Web 3.0 is a possible future version of the internet based on public blockchains, a record-keeping system best known for facilitating cryptocurrency transactions. The attractiveness of Web 3.0 is that it is decentralized, meaning that rather than consumers accessing the internet through services mediated by companies like Google, Apple or Facebook, individuals, themselves, own and govern sections of the internet. Web 3.0 doesn't require "permission," which means that central authorities don't get to decide who gets to access what services, nor does it require "trust," meaning that an intermediary isn't necessary for virtual transactions to occur between two or more parties. Because these agencies and intermediaries are doing most of the data collection, Web 3.0 technically protects user privacy better. Decentralized finance, often known as DeFi, is a component of Web 3.0 that's gaining steam. It entails executing real-world financial transactions on the blockchain without the help of banks or the government. Meanwhile, many major corporations and venture capital firms are pouring money into Web 3.0, and it isn't easy to conceive that their engagement won't result in some form of centralized power.

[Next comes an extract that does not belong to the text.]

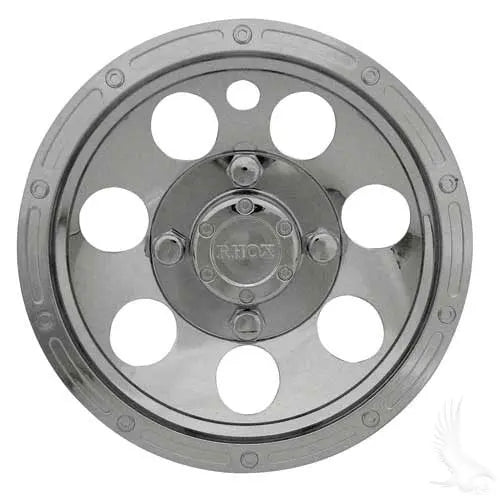 10 Inch Beadlock Wheel Cover Golf Cart Hub Cap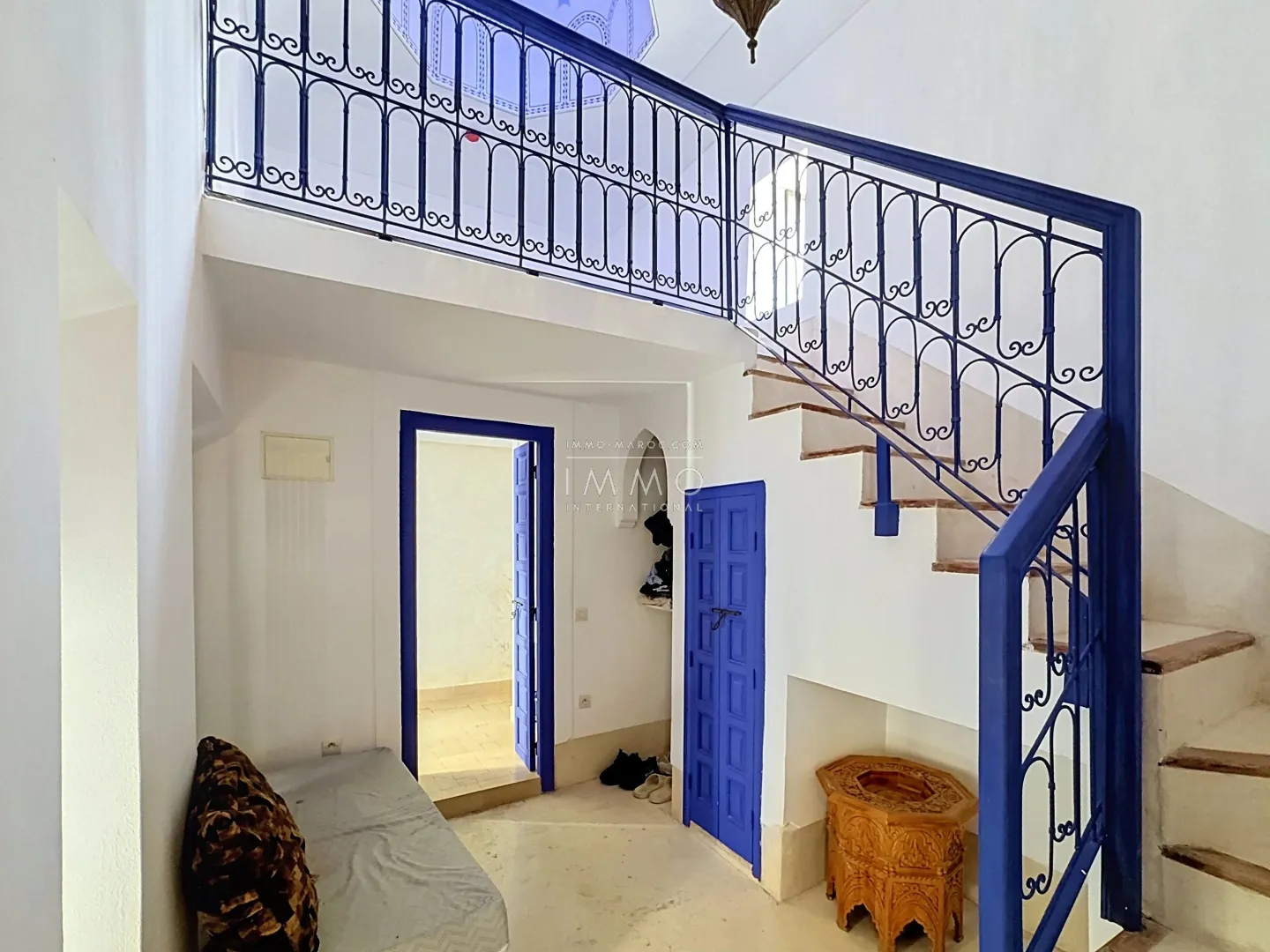 Riad d’exception – 180 m² au sol – architecture marocaine ÉlÉgante – emplacement premium riad zitoun - Photo 11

In this post, we'll go through how the web has evolved, why everyone is talking about Web 3.0, what Web 3.0 is used for, what is Web 3.0 in crypto, where it's heading next and why this matters. The World Wide Web is the major tool used by billions of people to exchange, read and write information and communicate with others over the internet. The web has changed dramatically over the years, and its current applications are nearly unrecognizable from its early days. What is Web 1.0? The earliest version of the internet was known as Web 1.0. Consider Web 1.0 to be the read-only or Syntactic web. Most of the participants were content consumers, while the makers were largely web developers who built websites with material delivered primarily in text or graphic format. Sites delivered static material rather than dynamic, hypertext mark-up language (HTML) in Web 1.0. Data and content were supplied from a static file system rather than a database, and there was little interaction on the web pages.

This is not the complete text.